La Commission Européenne a validé une directive sur la notion de salaire minimum décent. Il se définit comme une mesure qui permet à un salarié de vivre de son salaire mais aussi de participer à la vie sociale et culturelle. Ce n’est pas une mesure d’un salaire de subsistance. C’est aussi une mesure qui évolue dans le temps et n’est pas figée comme peuvent l’être des taux de salaire minimum fixés par les gouvernements. Cette notion que les Etats européens devront retranscrire sans qu’elle soit obligatoire dans les deux ans, à partir d’octobre 2022, a du sens aussi car l’inflation gomme rapidement le pouvoir d’achat des salariés.
* Propos tenu et édité d’une intervention lors de la Conférence annuelle d’EELA (Européen Employment Lawyers Association) le 9 juin à Bucarest.
La question des salaires est forcément posée lorsque l’économie connaît une période forte inflation. Pour les bas salaires, l’inflation élevée est une source de fragilité sociale. Un salaire trop bas permet juste une participation à la vie sociale et culturelle en période de stabilité des prix. En revanche l’inflation forte oblige à arbitrer dans les dépenses et cela coupe les activités sociales et culturelles. Le salaire ressemble alors plus à un salaire de subsistance qu’à une capacité à vivre pleinement sa vie.
La question des salaires est donc d’une forte acuité en période d’inflation. Néanmoins, à l’échelle macroéconomique cette question était posée depuis un moment. Les salaires à l’échelle européenne n’ont pas évolué comme la productivité du travail alors que ce salaire réel devrait avoir une allure cohérente avec la contribution du facteur travail à la production. Le graphe traduit cela. Cet écart suggère un rattrapage pour que l’économie européenne trouve un équilibre qui puisse s’inscrire dans la durée.

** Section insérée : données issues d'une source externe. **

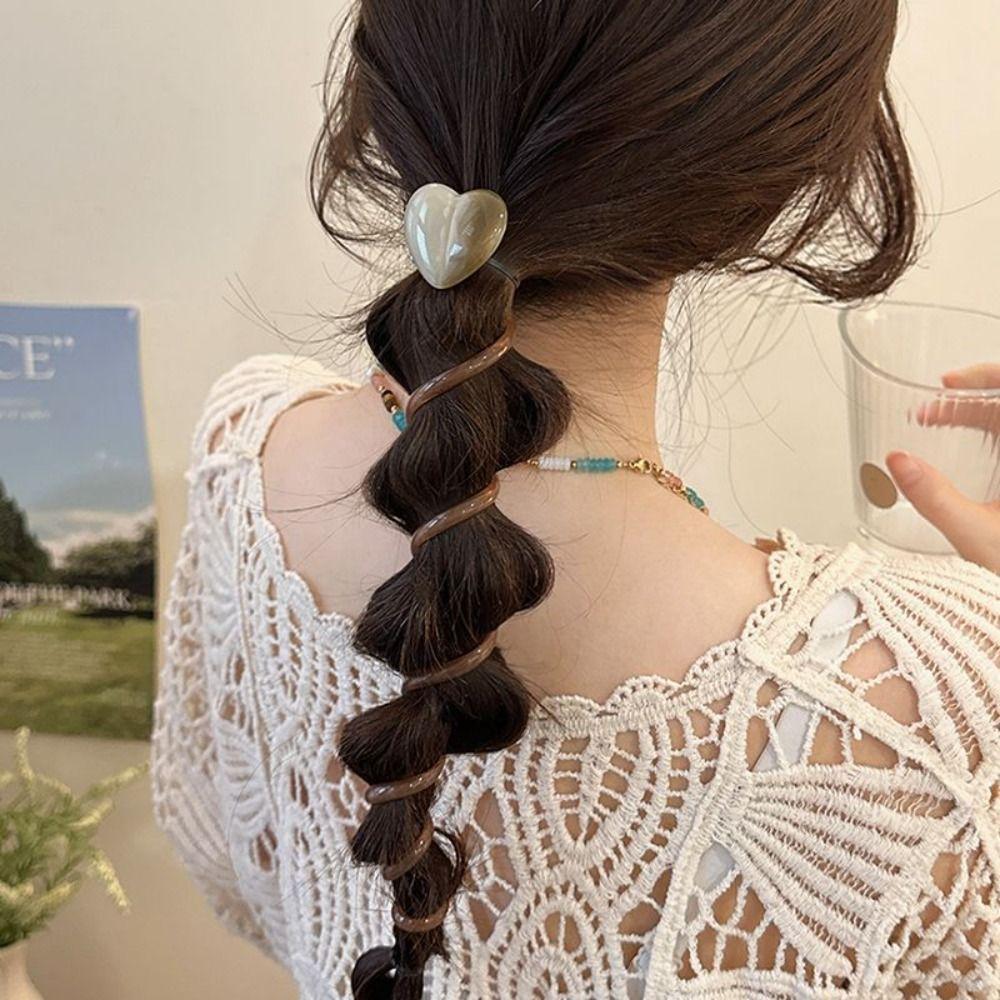 Elastic Telephone Line Headband Love Heart Braid Hair Tie Fashion Telephone Wire Hair Rope  Girl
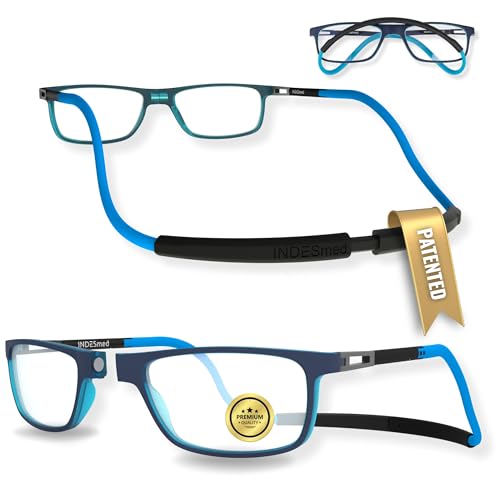 INDESMED Magnetic Reading Glasses – Blue Light Blocking Computer Readers – Patented Adjustable Fit – Interchangeable, Flexible Neck Straps – Presbyopia Glasses for Men & Women (Blue, 2, Dioptres)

Proposition de la Commission sur un salaire minimum décent
C’est dans ce contexte qu’en 2020, la Commission Européenne a fait une proposition de salaire minimum décent. Cela permettrait un rattrapage tout en limitant les risques de pauvreté et en améliorant la solidarité européenne. Ce n’est pas la première fois que cette question est évoquée à Bruxelles mais cette fois ci elle peut avoir de l’avenir. Sans que cela soit obligatoire, les pays ont deux années pour transcrire cette directive votée en octobre 2022.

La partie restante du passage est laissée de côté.